WHAT IS BEING ASKED
The entries below are to be restated exactly, and their images are to be omitted.

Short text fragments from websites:
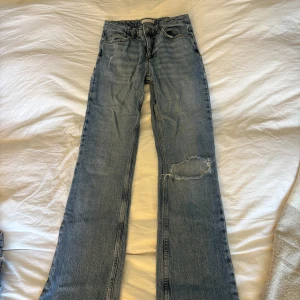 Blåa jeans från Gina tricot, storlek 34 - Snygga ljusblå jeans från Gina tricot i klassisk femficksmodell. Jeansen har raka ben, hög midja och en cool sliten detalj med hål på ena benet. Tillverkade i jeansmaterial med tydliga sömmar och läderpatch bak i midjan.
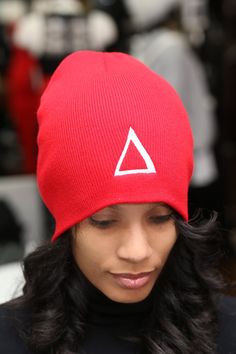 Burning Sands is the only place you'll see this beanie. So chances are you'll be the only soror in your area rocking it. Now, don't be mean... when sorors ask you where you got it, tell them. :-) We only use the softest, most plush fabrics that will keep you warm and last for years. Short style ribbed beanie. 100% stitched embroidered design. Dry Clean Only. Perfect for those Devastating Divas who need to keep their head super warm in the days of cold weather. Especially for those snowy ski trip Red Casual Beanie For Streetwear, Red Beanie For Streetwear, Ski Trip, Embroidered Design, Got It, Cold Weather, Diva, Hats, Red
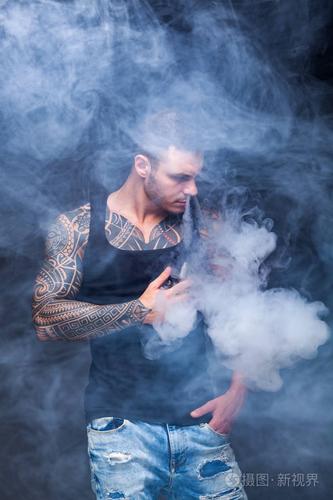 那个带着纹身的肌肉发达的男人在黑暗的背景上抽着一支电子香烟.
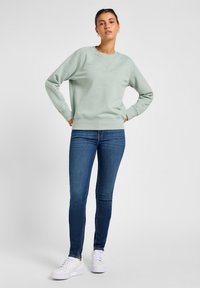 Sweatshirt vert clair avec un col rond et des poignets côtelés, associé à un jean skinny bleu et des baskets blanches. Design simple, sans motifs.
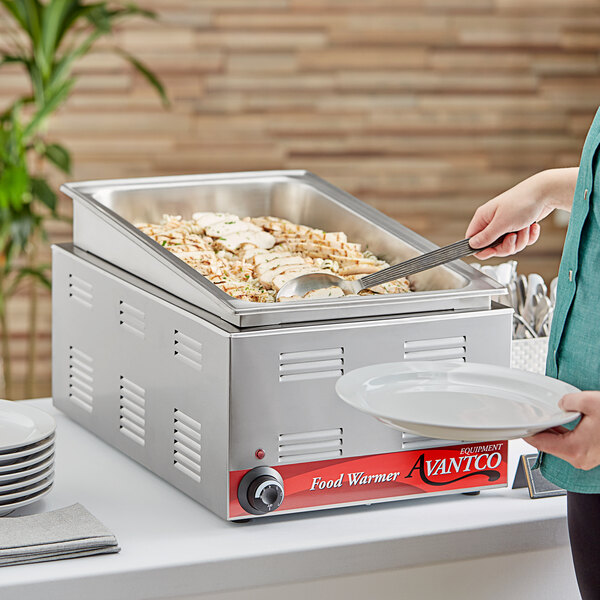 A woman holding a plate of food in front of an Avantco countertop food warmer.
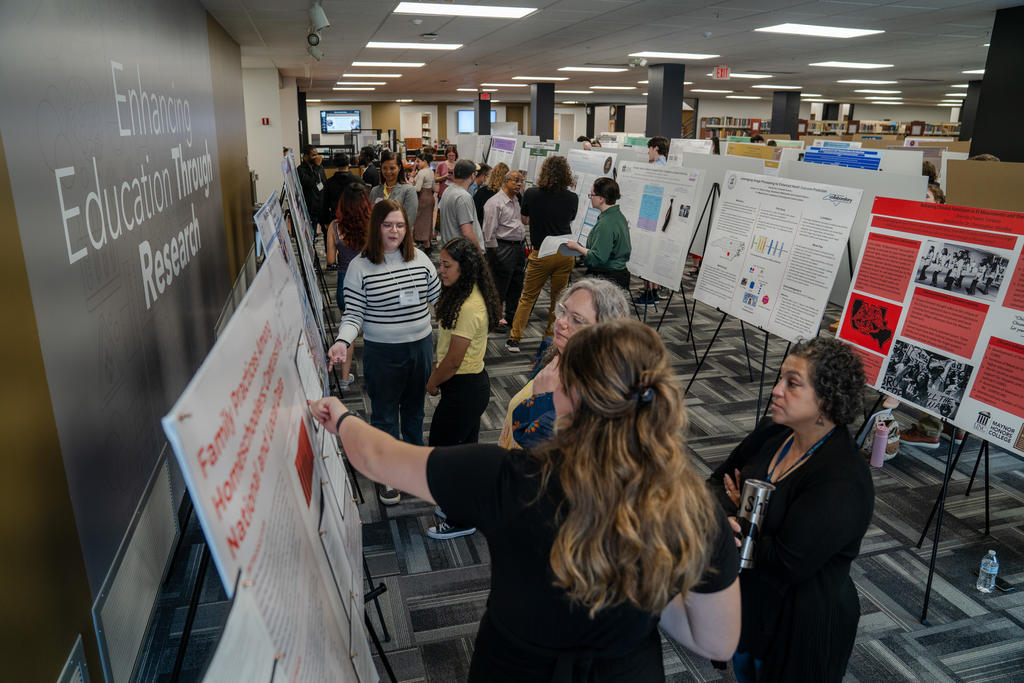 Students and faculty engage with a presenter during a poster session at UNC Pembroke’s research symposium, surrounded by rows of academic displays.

ANSWER FOR THIS EXERCISE
 Blåa jeans från Gina tricot, storlek 34 - Snygga ljusblå jeans från Gina tricot i klassisk femficksmodell. Jeansen har raka ben, hög midja och en cool sliten detalj med hål på ena benet. Tillverkade i jeansmaterial med tydliga sömmar och läderpatch bak i midjan.
 Burning Sands is the only place you'll see this beanie. So chances are you'll be the only soror in your area rocking it. Now, don't be mean... when sorors ask you where you got it, tell them. :-) We only use the softest, most plush fabrics that will keep you warm and last for years. Short style ribbed beanie. 100% stitched embroidered design. Dry Clean Only. Perfect for those Devastating Divas who need to keep their head super warm in the days of cold weather. Especially for those snowy ski trip Red Casual Beanie For Streetwear, Red Beanie For Streetwear, Ski Trip, Embroidered Design, Got It, Cold Weather, Diva, Hats, Red
 那个带着纹身的肌肉发达的男人在黑暗的背景上抽着一支电子香烟.
 Sweatshirt vert clair avec un col rond et des poignets côtelés, associé à un jean skinny bleu et des baskets blanches. Design simple, sans motifs.
 A woman holding a plate of food in front of an Avantco countertop food warmer.
 Students and faculty engage with a presenter during a poster session at UNC Pembroke’s research symposium, surrounded by rows of academic displays.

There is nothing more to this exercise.